When we were kids, anything you found in the yard could become a weapon in your mind’s eye. A stick could just as easily be a sword, a pine cone could morph into a grenade, and a tree was just as likely to be a lookout tower. At some point we’ve all played a variation of war, and those magic moments of being a kid come across in the intense film I Declare War. The film follows PK, a natural leader obsessed with war movies and strategy, as he tries to lead his team to victory against a team that is prepared to do whatever it takes to win.

We sat down with co-directors Robert Wilson and Jason Lapeyre as well as star Gage Munroe to talk about games we played growing up, child actors, and the perfect movie marathon to watch alongside I Declare War.

Nerdist: When you were writing out the script and working together to come up with this, was it all about referencing your own experiences? Were there other things that influenced it or was it straight you guys?
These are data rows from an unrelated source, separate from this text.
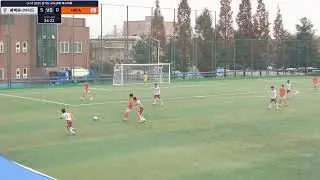 P.T UTD vs HSFA / 예선1R / U-14 2025 경기도 교육감배 축구대회 / 25.11.24 안성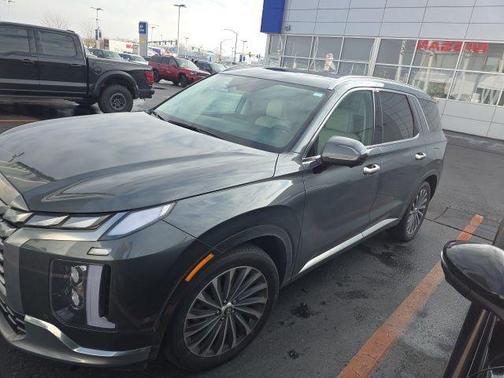 2024 Hyundai PALISADE Calligraphy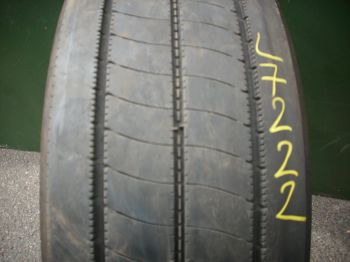 Opona ciężarowa używana 315-60R22.5 Bridgestone H-STEER 002 127222-0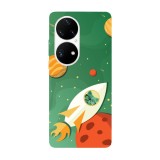 Husa compatibila cu Huawei Mate 40 Pro model Astrofox, Silicon, TPU, Viceversa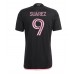 Maillot de foot Inter Miami Luis Suarez #9 Extérieur vêtements 2024-25 Manches Courtes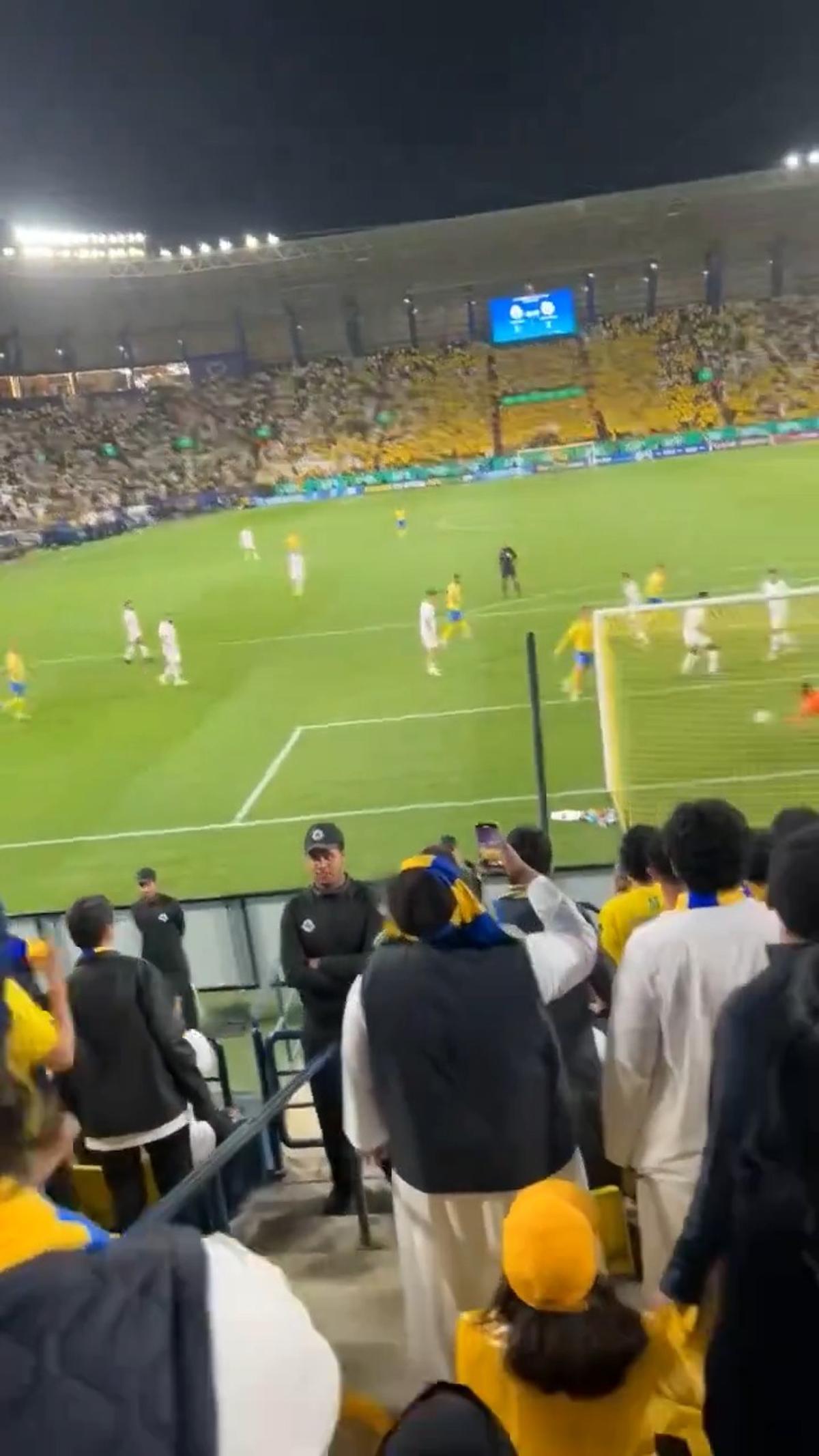 Cristiano Ronaldo, ratare incredibilă în Al Nassr - Al Ain, din sferturile Ligii Campionilor Asiei, scor 3-4 după prelungiri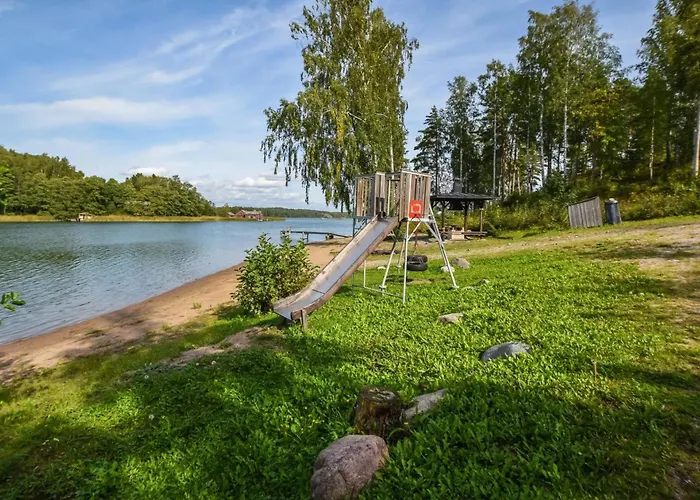 Punasotka 2 By Interhome *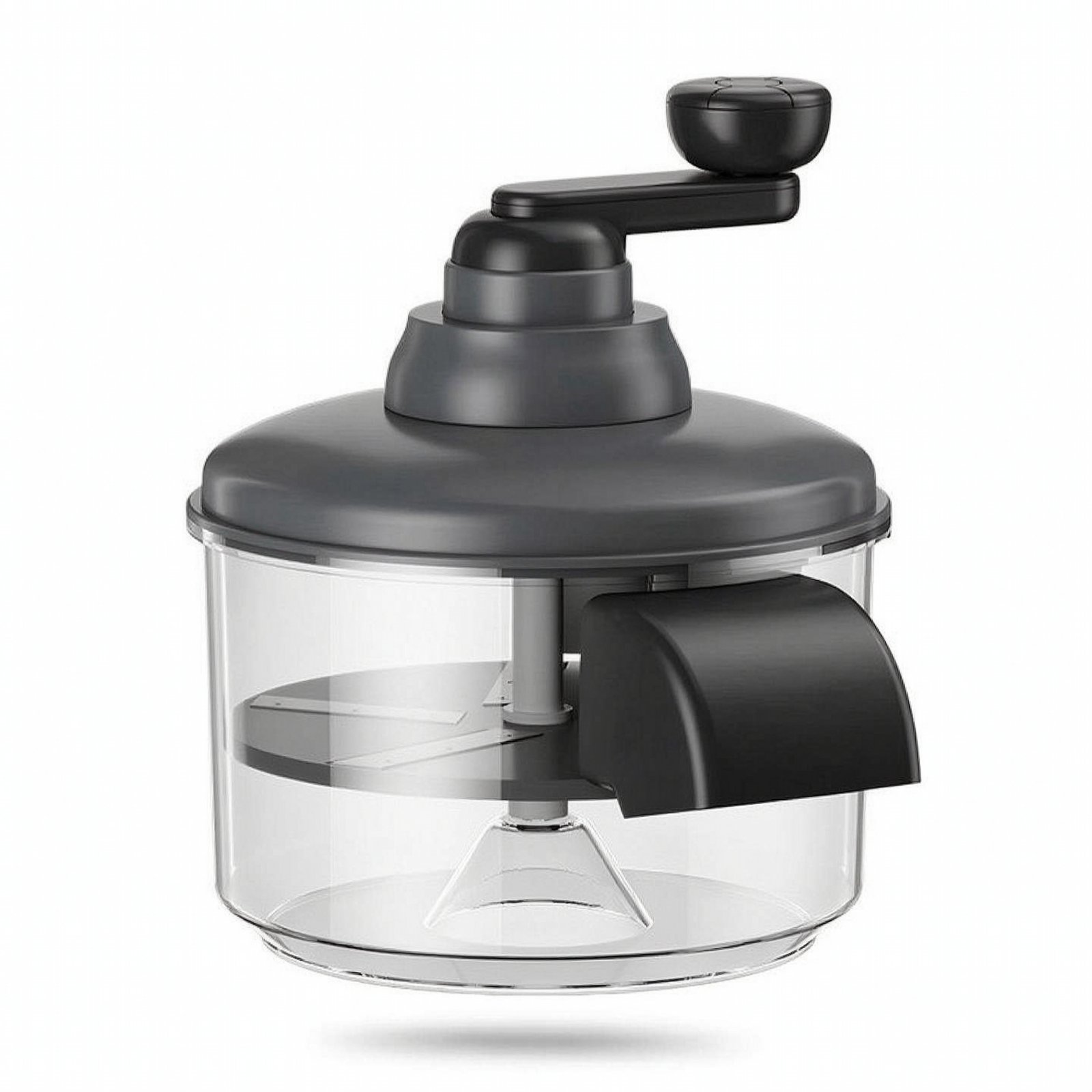 Hand Crank Fruit Rind Remover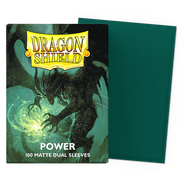 Power - Matte Dual Sleeves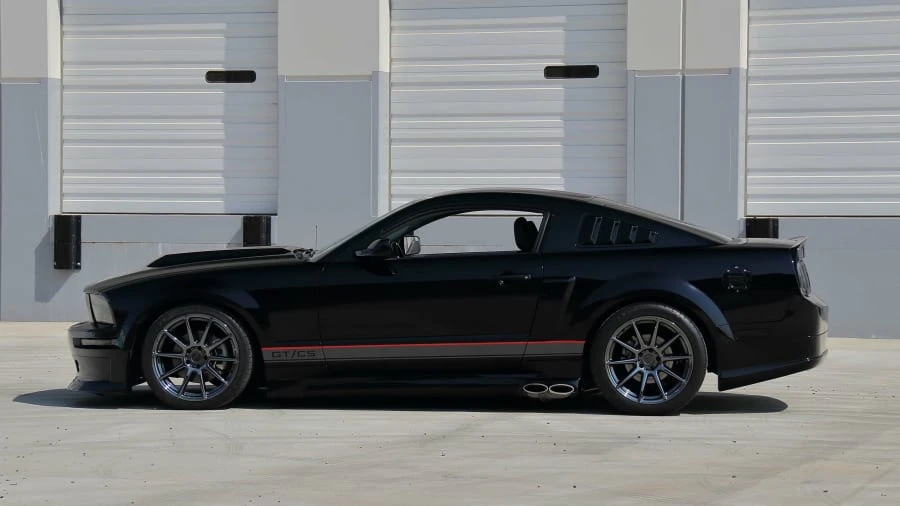 2007 Ford S197 Mustang - Image 2 of 31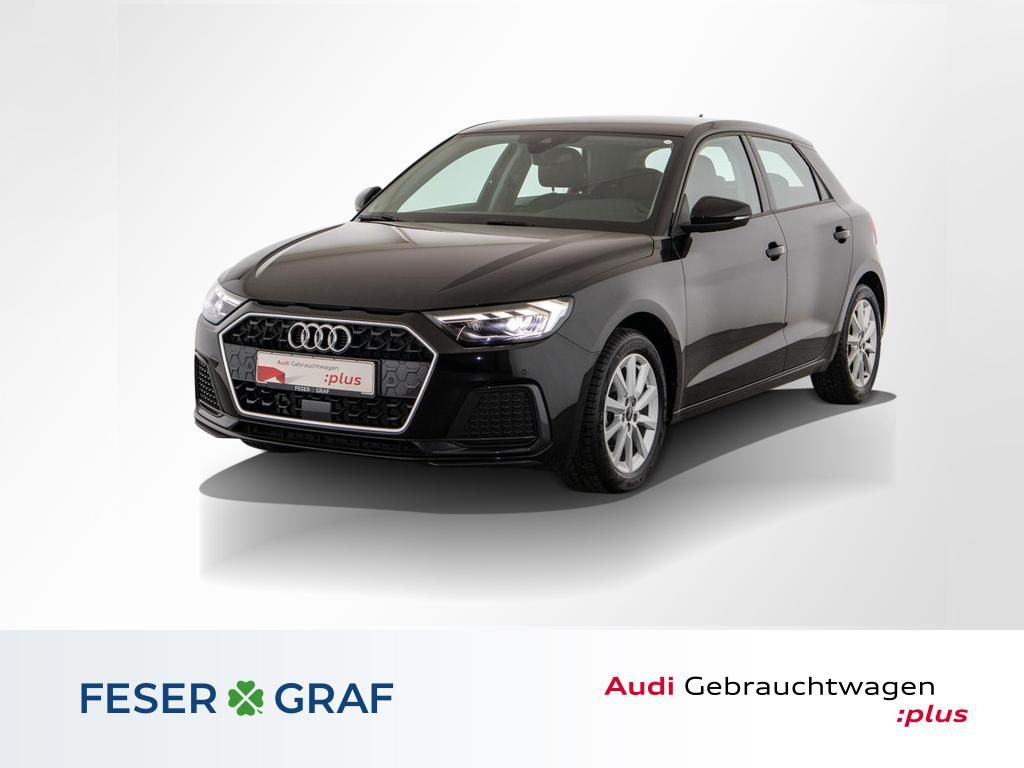 Audi A1 Sportback 25 TFSI Advanced - Samsaru's Car Outlet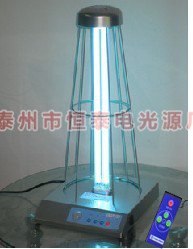 紫外线台式智能消毒灯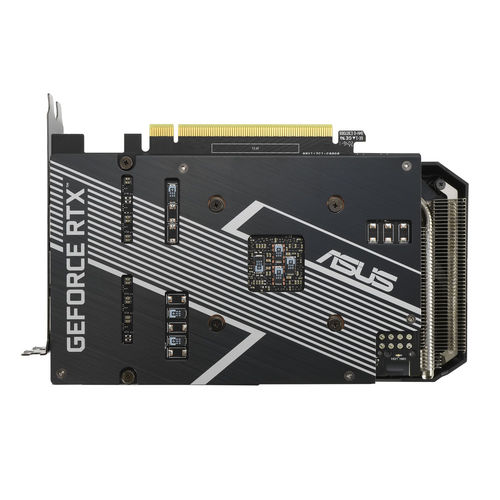 Tarjeta Grafica Asus Dual Rtx 3060 Oc Edition V2 12gb Gddr6 Pcie4.0 1*Hdmi/3*Dp | Quonty.com | 90YV0GB2-M0NA10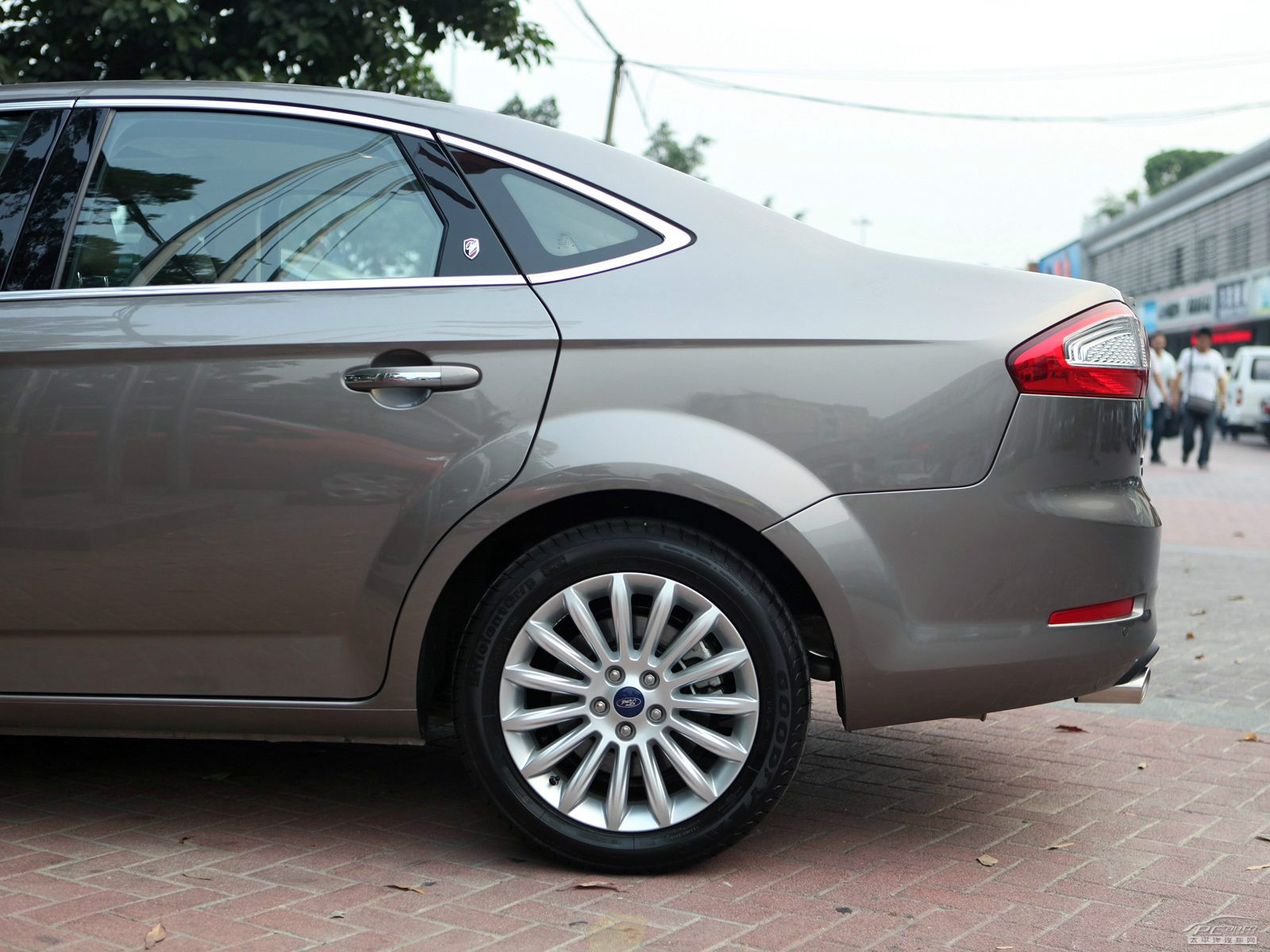 致勝外觀高清大圖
Robert Wilson: Straight Jason. Jason wrote the script 10 years ago. Jason, Jason, Jason. Thank you very much, though. I appreciate your notion that I could write that well.

Jason Lapeyre: I wrote the script because I wanted to tell a story about how it felt to be that age. I played war a lot when I was that age, and so did a lot of other people. Almost everything that happens in this script is autobiographical or inspired by things that actually happened. That’s kind of why I wrote this script.

N: One of the reasons why I liked this movie so much and found it so accessible is that it is this period in our lives where we are kind of doing that. Everyone plays some variation on that game. For me and my friends it was Nerf footballs. If you get hit, you’re dead and then we’ll start again. It was kind of one of those things. When you were drawing straight from your experience, was there ever any variation on those rules or were you more like PK, “These are the rules. These are always the rules and we always have to stick to these”?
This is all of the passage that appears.